Granell, Péret et Breton

À l’automne de 1952, Eugenio Granell a deux interlocuteurs parmi les surréalistes à Paris, André Breton et Benjamin Péret. Après avoir reçu un exemplaire des Entretiens, Granell écrit à Breton que cette lecture l’a beaucoup éclairé et lui confie qu’il se réjouit de l’avoir connu et d’être devenu son ami. Il lui demande aussi de l’autoriser à lui envoyer quelques toiles. dia de la transformacion de las hojas de los arboles en cartas de juegoLe 24 novembre 1952, c’est à Péret qu’il écrit. Ce dernier répond assez longuement le 12 décembre et suggère à Granell, à la suite de l’ouverture de la galerie À l’étoile scellée, de faire parvenir à Breton trois ou quatre tableaux de petit format ou des gouaches. Il annonce qu’à partir de janvier devrait paraître la revue La Mante surréaliste et trouve très bonne l’idée de publier à Puerto Rico la revue Isla. La feuille Medium n° 2 de décembre 1952 mentionne justement la revue Isla sous le titre « Niveau de feu » : « Notre ami, E. F. Granell s’apprête à publier, à Puerto Rico, six fois par an, une revue Isla, dans laquelle il se propose de combattre à la fois l’envahissement de l’art abstrait régressant vers l’indifférenciation qualitative et la peinture étroitement représentative, dont l’aboutissement est l’anecdote vulgaire. Notre soutien actif lui est acquis. » Granell apprend, par la lettre de Péret du 24 janvier 1953, que son cousin Jaime Fernandez a été arrêté en Espagne. Plus tard, Breton, dans sa lettre du 18 octobre 1953, dresse un tableau sombre de l’art à Paris. Tout se monnayerait à présent dans les galeries. Alors qu’il avait l’intention, au tout début, d’inviter Granell à exposer à L’Étoile scellée, il est dans l’impossibilité de le faire aujourd’hui. Toutefois, en annonçant la parution du premier numéro de Medium, nouvelle série, dont le principe est d’être illustré par un seul peintre, en l’occurrence Simon Hantaï, Breton laisse entendre qu’un numéro à venir sera attribué à Granell : « J’espère qu’il ne se fera pas trop attendre le n° E. F. Granell. »

En 1954, la jonction entre Granell, Breton et Péret se réalise à Paris : « Notre grand ami le peintre et écrivain E. F. Granell qui, en toute qualification, de 1940 à ce jour, porta le message surréaliste en République dominicaine, au Guatemala et à Porto Rico, est attendu en mai à Paris. » Tel est l’ « Avis » publié dans Medium n° 3 de mai 1954, numéro illustré par Svanberg.

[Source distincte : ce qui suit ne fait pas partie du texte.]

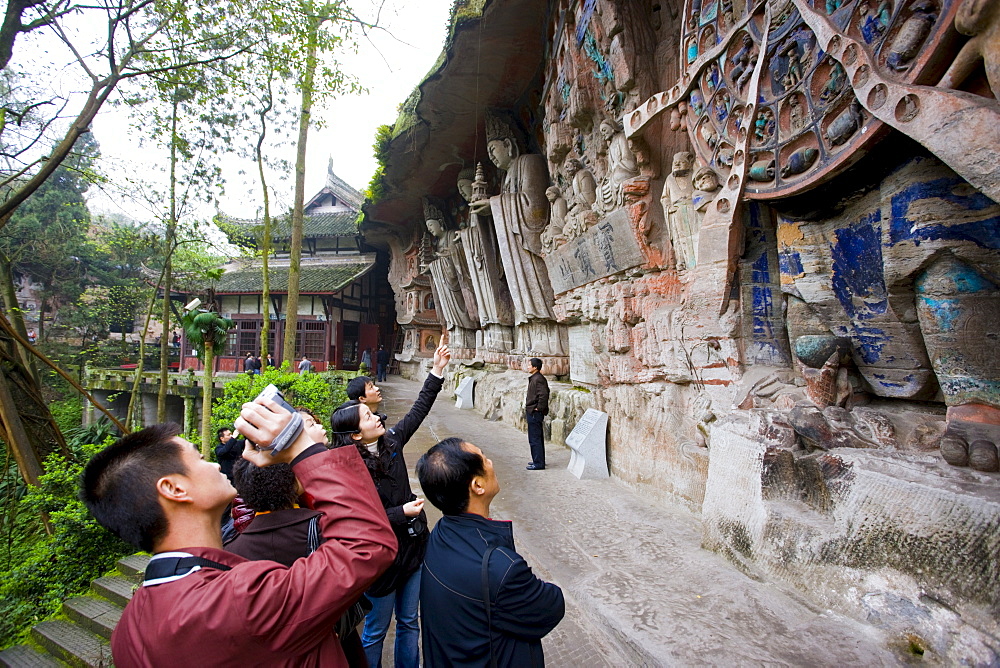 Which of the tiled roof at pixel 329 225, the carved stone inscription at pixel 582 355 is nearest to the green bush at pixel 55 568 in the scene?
the carved stone inscription at pixel 582 355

Une exposition Granell est enfin organisée à L’Étoile scellée du 25 juin au 12 juillet 1954. Benjamin Péret, qui préface la catalogue, découvre chez l’Espagnol des Caraïbes divers « spécimens d’une faune à venir », tels un « coq-cadran solaire » ou une « poule-machine à coudre »[15]. C’est au cours de ce séjour parisien que Granell multipliera les rencontres avec Breton ou Péret et assistera à plusieurs assemblées au café surréaliste.

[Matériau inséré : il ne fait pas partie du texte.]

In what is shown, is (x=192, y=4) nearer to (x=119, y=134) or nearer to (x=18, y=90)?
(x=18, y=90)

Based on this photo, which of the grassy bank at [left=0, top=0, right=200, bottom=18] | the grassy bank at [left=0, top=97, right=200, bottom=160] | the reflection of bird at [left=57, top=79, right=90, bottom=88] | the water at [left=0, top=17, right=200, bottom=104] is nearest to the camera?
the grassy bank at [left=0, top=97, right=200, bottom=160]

Les relations entre Péret et Granell sont de plus en plus cordiales et familières. Cela est sensible dans la lettre du 30 août 1954 que Péret adresse à Granell, juste après avoir fait une incursion en Espagne : « J’ai vu tes parents, ainsi que ta sœur et ton beau-frère. Ton père semble fatigué, mais ta mère jouit d’une excellente santé. Ils habitent un appartement tout petit, un peu inconfortable. J’ai tenté de voir ton cousin [Jaime Fernandez] et Munio [Grandizo Munis], mais la direction de la prison me l’ayant interdit, je n’ai pu que leur laisser de l’argent. » Après avoir détaillé ses impressions sur la situation en Espagne franquiste, Péret achève ainsi sa lettre : « J’espère que tu as fait un bon voyage de retour, et que malgré tout tu n’as pas été trop déçu par ton séjour à Paris. / Une grande embrassade de ton ami Benjamin Péret[16]. » De l’été 1955 au printemps 1956, les échanges entre Granell et Péret, qui vit durant  cette période au Brésil, porte en particulier sur une invitation à l’Université de Puerto Rico. Péret joint d’ailleurs à sa lettre du 29 novembre 1955 un plan succinct des ses conférences intitulé «  Trajectoire de la poésie »[17]. Mais le projet n’aboutira pas en raison de la difficulté à obtenir un visa pour les États-Unis[18]. Il est à noter que le 15 novembre 1957, dans sa dernière lettre à Granell, Péret a joint, écrite par André Breton, une lettre d’introduction de Granell auprès de Meyer Shapiro à New York.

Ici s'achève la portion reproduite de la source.